- _EXERCISE DETAILS_: Start with the line that holds "Swimming pool Aspen Residence Apartment". Please copy it and each remaining line below exactly, leaving pictures out.

EXTRACTED DATA below:

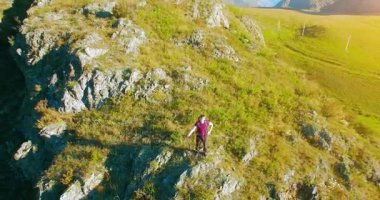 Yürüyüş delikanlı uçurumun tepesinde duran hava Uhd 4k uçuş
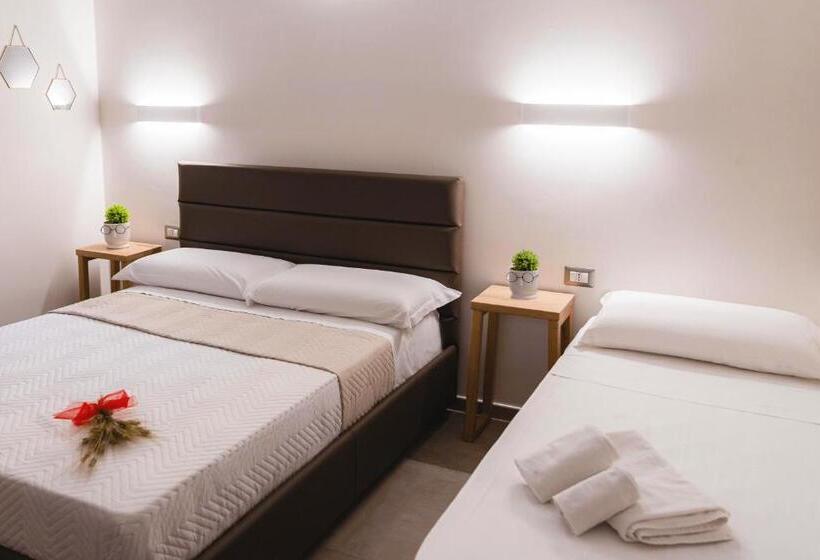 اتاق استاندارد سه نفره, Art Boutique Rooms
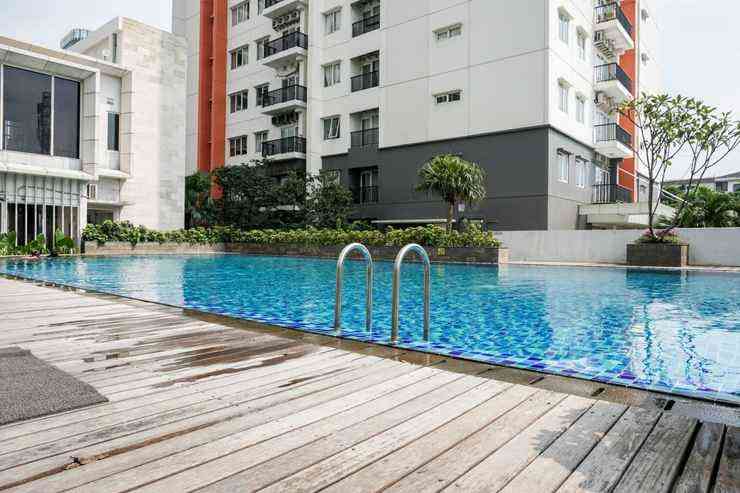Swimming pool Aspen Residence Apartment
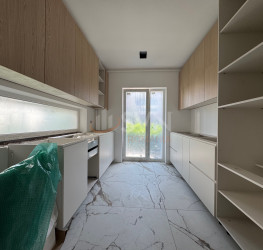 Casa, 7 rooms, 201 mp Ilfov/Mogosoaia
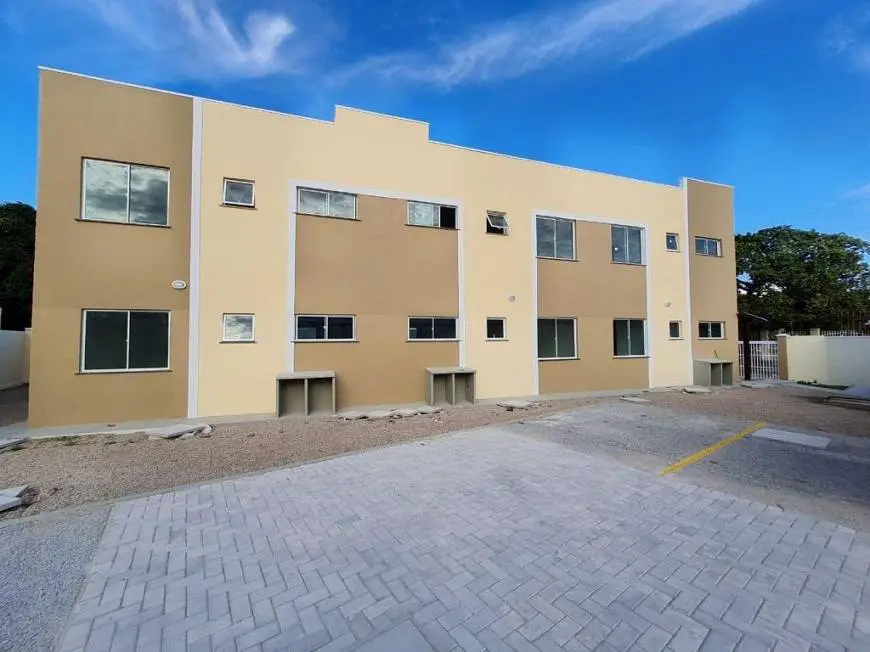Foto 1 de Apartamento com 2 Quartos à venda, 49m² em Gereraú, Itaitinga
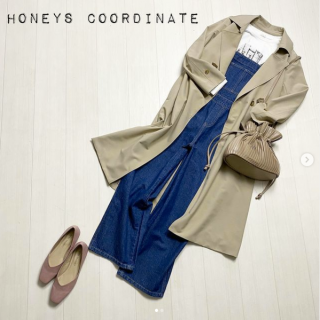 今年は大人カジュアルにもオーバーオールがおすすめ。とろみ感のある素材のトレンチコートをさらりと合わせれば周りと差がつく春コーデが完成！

End of EXTRACTED DATA.

- _ANSWER FOR THIS EXERCISE_:
Swimming pool Aspen Residence Apartment
 Casa, 7 rooms, 201 mp Ilfov/Mogosoaia
Foto 1 de Apartamento com 2 Quartos à venda, 49m² em Gereraú, Itaitinga
 今年は大人カジュアルにもオーバーオールがおすすめ。とろみ感のある素材のトレンチコートをさらりと合わせれば周りと差がつく春コーデが完成！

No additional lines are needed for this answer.